Subject: Failure mode of TagSoupParser
The parser dies when trying to parse broken xhtml with namespaced attributes. This is around line 2529. Putting the condition in 'eval' fixes the problem for me.
On 2012-08-16T15:47:33+01:00, KARAVELOV wrote: Show quoted text
> The parser dies when trying to parse broken xhtml with namespaced > attributes. This is around > line 2529. Putting the condition in 'eval' fixes the problem for me.
Do you have an example document that triggers the failure? Can you attach it to this bug report?

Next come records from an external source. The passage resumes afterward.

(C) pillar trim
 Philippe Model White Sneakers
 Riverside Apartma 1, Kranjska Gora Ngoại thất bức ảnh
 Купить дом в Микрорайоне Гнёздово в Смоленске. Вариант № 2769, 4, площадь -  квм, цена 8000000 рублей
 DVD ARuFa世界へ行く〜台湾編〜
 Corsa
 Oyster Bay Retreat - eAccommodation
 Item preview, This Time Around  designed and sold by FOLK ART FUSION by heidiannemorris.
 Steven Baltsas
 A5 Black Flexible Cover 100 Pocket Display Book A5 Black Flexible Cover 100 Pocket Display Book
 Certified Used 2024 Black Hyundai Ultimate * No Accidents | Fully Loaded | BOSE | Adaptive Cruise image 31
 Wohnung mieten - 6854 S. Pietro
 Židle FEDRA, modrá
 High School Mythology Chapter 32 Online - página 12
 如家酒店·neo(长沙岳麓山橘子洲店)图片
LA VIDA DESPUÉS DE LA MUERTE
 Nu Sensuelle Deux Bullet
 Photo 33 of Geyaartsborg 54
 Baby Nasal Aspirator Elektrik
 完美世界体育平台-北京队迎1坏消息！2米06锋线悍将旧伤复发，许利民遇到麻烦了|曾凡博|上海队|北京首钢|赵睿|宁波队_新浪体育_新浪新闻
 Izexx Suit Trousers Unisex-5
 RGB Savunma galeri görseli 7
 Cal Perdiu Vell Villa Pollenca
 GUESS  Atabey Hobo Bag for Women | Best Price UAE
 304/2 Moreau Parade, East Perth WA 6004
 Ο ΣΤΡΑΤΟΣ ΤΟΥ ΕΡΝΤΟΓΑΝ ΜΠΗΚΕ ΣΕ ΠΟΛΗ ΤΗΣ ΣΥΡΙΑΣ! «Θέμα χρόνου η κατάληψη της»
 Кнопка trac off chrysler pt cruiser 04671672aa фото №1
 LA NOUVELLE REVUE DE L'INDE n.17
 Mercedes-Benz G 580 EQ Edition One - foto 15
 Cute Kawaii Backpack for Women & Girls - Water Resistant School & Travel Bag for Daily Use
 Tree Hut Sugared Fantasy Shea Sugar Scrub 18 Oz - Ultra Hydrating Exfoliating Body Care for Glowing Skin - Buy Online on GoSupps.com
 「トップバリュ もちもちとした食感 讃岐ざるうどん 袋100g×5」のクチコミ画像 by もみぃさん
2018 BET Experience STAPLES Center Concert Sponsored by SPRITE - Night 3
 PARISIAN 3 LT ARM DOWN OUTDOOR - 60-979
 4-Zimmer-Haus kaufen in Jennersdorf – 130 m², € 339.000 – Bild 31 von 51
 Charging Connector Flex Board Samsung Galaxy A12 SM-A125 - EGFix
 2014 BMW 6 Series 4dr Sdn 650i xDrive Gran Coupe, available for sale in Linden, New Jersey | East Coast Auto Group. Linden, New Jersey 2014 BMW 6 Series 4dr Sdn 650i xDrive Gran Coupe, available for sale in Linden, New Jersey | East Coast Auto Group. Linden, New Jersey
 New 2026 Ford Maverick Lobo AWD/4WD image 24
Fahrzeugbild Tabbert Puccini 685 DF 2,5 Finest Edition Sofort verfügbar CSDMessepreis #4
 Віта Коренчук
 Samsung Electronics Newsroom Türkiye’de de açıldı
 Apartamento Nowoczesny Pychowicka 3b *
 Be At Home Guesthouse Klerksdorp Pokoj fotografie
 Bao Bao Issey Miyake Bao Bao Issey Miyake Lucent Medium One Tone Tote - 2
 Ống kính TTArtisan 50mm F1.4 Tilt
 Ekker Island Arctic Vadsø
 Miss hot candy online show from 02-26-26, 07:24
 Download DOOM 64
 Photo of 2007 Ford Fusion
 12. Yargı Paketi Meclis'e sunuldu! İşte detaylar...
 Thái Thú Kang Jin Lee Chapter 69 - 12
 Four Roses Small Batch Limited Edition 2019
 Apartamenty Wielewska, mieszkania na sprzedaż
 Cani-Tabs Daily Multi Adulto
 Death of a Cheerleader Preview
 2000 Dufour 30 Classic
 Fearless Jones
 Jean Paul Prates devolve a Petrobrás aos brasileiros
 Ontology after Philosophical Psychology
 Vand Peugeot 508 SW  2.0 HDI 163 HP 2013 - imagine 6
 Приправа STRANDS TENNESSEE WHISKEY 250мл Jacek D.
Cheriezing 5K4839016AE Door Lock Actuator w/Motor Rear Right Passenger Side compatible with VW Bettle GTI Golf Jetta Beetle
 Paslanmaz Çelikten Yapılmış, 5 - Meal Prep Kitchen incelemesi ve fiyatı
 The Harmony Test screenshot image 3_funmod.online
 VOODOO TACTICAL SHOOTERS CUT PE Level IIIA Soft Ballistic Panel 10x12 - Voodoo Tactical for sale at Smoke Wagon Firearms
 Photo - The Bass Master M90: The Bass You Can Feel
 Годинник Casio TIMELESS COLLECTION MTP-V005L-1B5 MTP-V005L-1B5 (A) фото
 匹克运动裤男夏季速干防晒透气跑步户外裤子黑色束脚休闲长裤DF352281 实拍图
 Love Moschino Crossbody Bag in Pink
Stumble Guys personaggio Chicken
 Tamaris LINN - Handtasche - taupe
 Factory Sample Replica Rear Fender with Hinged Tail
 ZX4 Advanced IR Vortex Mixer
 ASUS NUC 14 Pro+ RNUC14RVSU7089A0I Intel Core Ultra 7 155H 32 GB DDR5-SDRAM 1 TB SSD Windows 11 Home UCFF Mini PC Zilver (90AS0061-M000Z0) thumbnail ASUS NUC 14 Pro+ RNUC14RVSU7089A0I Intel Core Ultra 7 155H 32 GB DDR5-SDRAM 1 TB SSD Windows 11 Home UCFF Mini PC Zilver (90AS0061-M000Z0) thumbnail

Subject: RE: [rt.cpan.org #79019] Failure mode of TagSoupParser
Date: Sat, 18 Aug 2012 13:54:29 +0300
To: bug-HTML-HTML5-Parser [...] rt.cpan.org
From: karavelov [...] mail.bg
----- Цитат от Toby Inkster via RT (bug-HTML-HTML5-Parser@rt.cpan.org), на 18.08.2012 в 09:54 ----- Show quoted text
>>On 2012-08-16T15:47:33+01:00, KARAVELOV wrote: >>The parser dies when trying to parse broken xhtml with namespaced >>attributes. This is around >>line 2529. Putting the condition in 'eval' fixes the problem for me.
Show quoted text
>Do you have an example document that triggers the failure? Can you attach >it to this bug report?
Here is my test case: perl -MURI -MHTML::HTML5::Parser -E ' my $uri = URI->new("http://www.blitz.bg/news/article/151210"); my $parser = HTML::HTML5::Parser->new; my $doc=$parser->parse_html_file($uri);' And here is the error in TagSoupParsers NAMESPACE ERROR: Attribute without a prefix cannot be in a namespace at /usr/share/perl5/HTML/HTML5/Parser/TagSoupParser.pm line 2524 All the articles at www.blitz.bg are severely broken. The error is on the second line "html xmlns:fb=...." Attached is a minimal test case document. -- Luben Karavelov

Message body is not shown because sender requested not to inline it.

Confirmed. I'll try to sort out a fix for this in the next few days. Your suggestion of wrapping the offending line in an eval is noted, but if possible I'd like to address the underlying cause.
On 2012-08-18T15:56:55+01:00, TOBYINK wrote: Show quoted text
> Confirmed. I'll try to sort out a fix for this in the next few days. > > Your suggestion of wrapping the offending line in an eval is noted, but > if possible I'd like to address the underlying cause.
I've just uploaded a development release (0.207_01) to CPAN. It seems to work both for the minimal test document, plus the blitz.bg page. https://metacpan.org/release/TOBYINK/HTML-HTML5-Parser-0.207_01 If you have the time, please give it a try and let me know if it works for you. Assuming all is well, a stable 0.208 will be out in a few days.